#### [EXERCISE]
All of the data below is to be printed again exactly.

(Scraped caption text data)

____________

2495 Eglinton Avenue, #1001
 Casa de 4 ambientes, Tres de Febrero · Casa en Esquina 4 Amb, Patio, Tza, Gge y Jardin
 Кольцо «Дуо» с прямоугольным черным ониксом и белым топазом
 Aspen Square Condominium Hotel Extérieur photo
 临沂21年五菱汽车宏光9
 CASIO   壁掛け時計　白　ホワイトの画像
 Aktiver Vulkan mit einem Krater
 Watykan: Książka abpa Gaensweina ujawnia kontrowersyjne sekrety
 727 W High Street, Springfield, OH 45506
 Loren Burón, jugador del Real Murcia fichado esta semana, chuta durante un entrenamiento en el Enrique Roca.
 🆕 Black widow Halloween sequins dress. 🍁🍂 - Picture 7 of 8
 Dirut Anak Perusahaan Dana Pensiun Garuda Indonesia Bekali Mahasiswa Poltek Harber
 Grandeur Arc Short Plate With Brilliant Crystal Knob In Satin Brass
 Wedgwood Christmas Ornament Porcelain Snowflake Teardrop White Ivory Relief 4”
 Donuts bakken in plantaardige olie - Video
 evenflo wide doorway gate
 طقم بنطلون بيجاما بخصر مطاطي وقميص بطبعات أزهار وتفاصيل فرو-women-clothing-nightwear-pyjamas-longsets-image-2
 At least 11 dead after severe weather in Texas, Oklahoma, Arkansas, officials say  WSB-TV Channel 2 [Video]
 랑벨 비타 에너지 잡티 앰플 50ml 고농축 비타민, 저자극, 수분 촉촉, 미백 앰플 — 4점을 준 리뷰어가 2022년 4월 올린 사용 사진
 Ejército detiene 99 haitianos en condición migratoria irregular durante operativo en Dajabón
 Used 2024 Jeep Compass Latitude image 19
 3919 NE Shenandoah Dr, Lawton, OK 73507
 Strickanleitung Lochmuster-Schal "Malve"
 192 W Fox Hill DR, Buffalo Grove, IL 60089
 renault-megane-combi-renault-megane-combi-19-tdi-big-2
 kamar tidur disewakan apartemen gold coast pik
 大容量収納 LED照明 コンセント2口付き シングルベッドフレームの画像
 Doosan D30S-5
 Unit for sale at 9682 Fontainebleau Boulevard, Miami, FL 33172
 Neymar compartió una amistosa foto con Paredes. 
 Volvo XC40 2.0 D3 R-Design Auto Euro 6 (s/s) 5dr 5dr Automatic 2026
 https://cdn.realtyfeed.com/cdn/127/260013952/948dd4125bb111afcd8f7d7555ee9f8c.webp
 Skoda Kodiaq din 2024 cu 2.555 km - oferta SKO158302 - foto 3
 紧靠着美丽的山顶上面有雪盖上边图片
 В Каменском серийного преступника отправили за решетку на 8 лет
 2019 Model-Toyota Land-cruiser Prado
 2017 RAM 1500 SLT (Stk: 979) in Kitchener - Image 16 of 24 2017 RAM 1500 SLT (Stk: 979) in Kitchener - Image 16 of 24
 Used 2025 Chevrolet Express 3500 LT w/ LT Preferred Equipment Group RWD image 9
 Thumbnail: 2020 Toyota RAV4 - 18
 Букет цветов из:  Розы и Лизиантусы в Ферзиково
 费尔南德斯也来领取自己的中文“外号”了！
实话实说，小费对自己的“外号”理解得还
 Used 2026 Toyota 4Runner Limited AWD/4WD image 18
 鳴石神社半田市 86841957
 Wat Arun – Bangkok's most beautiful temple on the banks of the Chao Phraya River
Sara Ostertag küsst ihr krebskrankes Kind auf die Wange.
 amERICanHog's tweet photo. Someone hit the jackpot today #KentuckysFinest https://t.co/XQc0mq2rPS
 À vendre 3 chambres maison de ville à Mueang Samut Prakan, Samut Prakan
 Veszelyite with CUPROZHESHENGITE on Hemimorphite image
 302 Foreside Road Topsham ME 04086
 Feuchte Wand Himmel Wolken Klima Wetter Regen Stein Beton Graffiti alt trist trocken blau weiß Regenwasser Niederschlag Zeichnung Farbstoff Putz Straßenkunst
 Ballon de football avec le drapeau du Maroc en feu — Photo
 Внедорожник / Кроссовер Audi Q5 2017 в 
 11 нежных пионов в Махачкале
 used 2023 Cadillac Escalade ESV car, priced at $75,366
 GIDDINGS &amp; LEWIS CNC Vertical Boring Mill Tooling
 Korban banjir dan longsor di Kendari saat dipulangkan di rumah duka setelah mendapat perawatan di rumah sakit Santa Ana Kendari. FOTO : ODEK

____________

#### [ANSWER TO THE PROBLEM]
2495 Eglinton Avenue, #1001
 Casa de 4 ambientes, Tres de Febrero · Casa en Esquina 4 Amb, Patio, Tza, Gge y Jardin
 Кольцо «Дуо» с прямоугольным черным ониксом и белым топазом
 Aspen Square Condominium Hotel Extérieur photo
 临沂21年五菱汽车宏光9
 CASIO   壁掛け時計　白　ホワイトの画像
 Aktiver Vulkan mit einem Krater
 Watykan: Książka abpa Gaensweina ujawnia kontrowersyjne sekrety
 727 W High Street, Springfield, OH 45506
 Loren Burón, jugador del Real Murcia fichado esta semana, chuta durante un entrenamiento en el Enrique Roca.
 🆕 Black widow Halloween sequins dress. 🍁🍂 - Picture 7 of 8
 Dirut Anak Perusahaan Dana Pensiun Garuda Indonesia Bekali Mahasiswa Poltek Harber
 Grandeur Arc Short Plate With Brilliant Crystal Knob In Satin Brass
 Wedgwood Christmas Ornament Porcelain Snowflake Teardrop White Ivory Relief 4”
 Donuts bakken in plantaardige olie - Video
 evenflo wide doorway gate
 طقم بنطلون بيجاما بخصر مطاطي وقميص بطبعات أزهار وتفاصيل فرو-women-clothing-nightwear-pyjamas-longsets-image-2
 At least 11 dead after severe weather in Texas, Oklahoma, Arkansas, officials say  WSB-TV Channel 2 [Video]
 랑벨 비타 에너지 잡티 앰플 50ml 고농축 비타민, 저자극, 수분 촉촉, 미백 앰플 — 4점을 준 리뷰어가 2022년 4월 올린 사용 사진
 Ejército detiene 99 haitianos en condición migratoria irregular durante operativo en Dajabón
 Used 2024 Jeep Compass Latitude image 19
 3919 NE Shenandoah Dr, Lawton, OK 73507
 Strickanleitung Lochmuster-Schal "Malve"
 192 W Fox Hill DR, Buffalo Grove, IL 60089
 renault-megane-combi-renault-megane-combi-19-tdi-big-2
 kamar tidur disewakan apartemen gold coast pik
 大容量収納 LED照明 コンセント2口付き シングルベッドフレームの画像
 Doosan D30S-5
 Unit for sale at 9682 Fontainebleau Boulevard, Miami, FL 33172
 Neymar compartió una amistosa foto con Paredes. 
 Volvo XC40 2.0 D3 R-Design Auto Euro 6 (s/s) 5dr 5dr Automatic 2026
 https://cdn.realtyfeed.com/cdn/127/260013952/948dd4125bb111afcd8f7d7555ee9f8c.webp
 Skoda Kodiaq din 2024 cu 2.555 km - oferta SKO158302 - foto 3
 紧靠着美丽的山顶上面有雪盖上边图片
 В Каменском серийного преступника отправили за решетку на 8 лет
 2019 Model-Toyota Land-cruiser Prado
 2017 RAM 1500 SLT (Stk: 979) in Kitchener - Image 16 of 24 2017 RAM 1500 SLT (Stk: 979) in Kitchener - Image 16 of 24
 Used 2025 Chevrolet Express 3500 LT w/ LT Preferred Equipment Group RWD image 9
 Thumbnail: 2020 Toyota RAV4 - 18
 Букет цветов из:  Розы и Лизиантусы в Ферзиково
 费尔南德斯也来领取自己的中文“外号”了！
实话实说，小费对自己的“外号”理解得还
 Used 2026 Toyota 4Runner Limited AWD/4WD image 18
 鳴石神社半田市 86841957
 Wat Arun – Bangkok's most beautiful temple on the banks of the Chao Phraya River
Sara Ostertag küsst ihr krebskrankes Kind auf die Wange.
 amERICanHog's tweet photo. Someone hit the jackpot today #KentuckysFinest https://t.co/XQc0mq2rPS
 À vendre 3 chambres maison de ville à Mueang Samut Prakan, Samut Prakan
 Veszelyite with CUPROZHESHENGITE on Hemimorphite image
 302 Foreside Road Topsham ME 04086
 Feuchte Wand Himmel Wolken Klima Wetter Regen Stein Beton Graffiti alt trist trocken blau weiß Regenwasser Niederschlag Zeichnung Farbstoff Putz Straßenkunst
 Ballon de football avec le drapeau du Maroc en feu — Photo
 Внедорожник / Кроссовер Audi Q5 2017 в 
 11 нежных пионов в Махачкале
 used 2023 Cadillac Escalade ESV car, priced at $75,366
 GIDDINGS &amp; LEWIS CNC Vertical Boring Mill Tooling
 Korban banjir dan longsor di Kendari saat dipulangkan di rumah duka setelah mendapat perawatan di rumah sakit Santa Ana Kendari. FOTO : ODEK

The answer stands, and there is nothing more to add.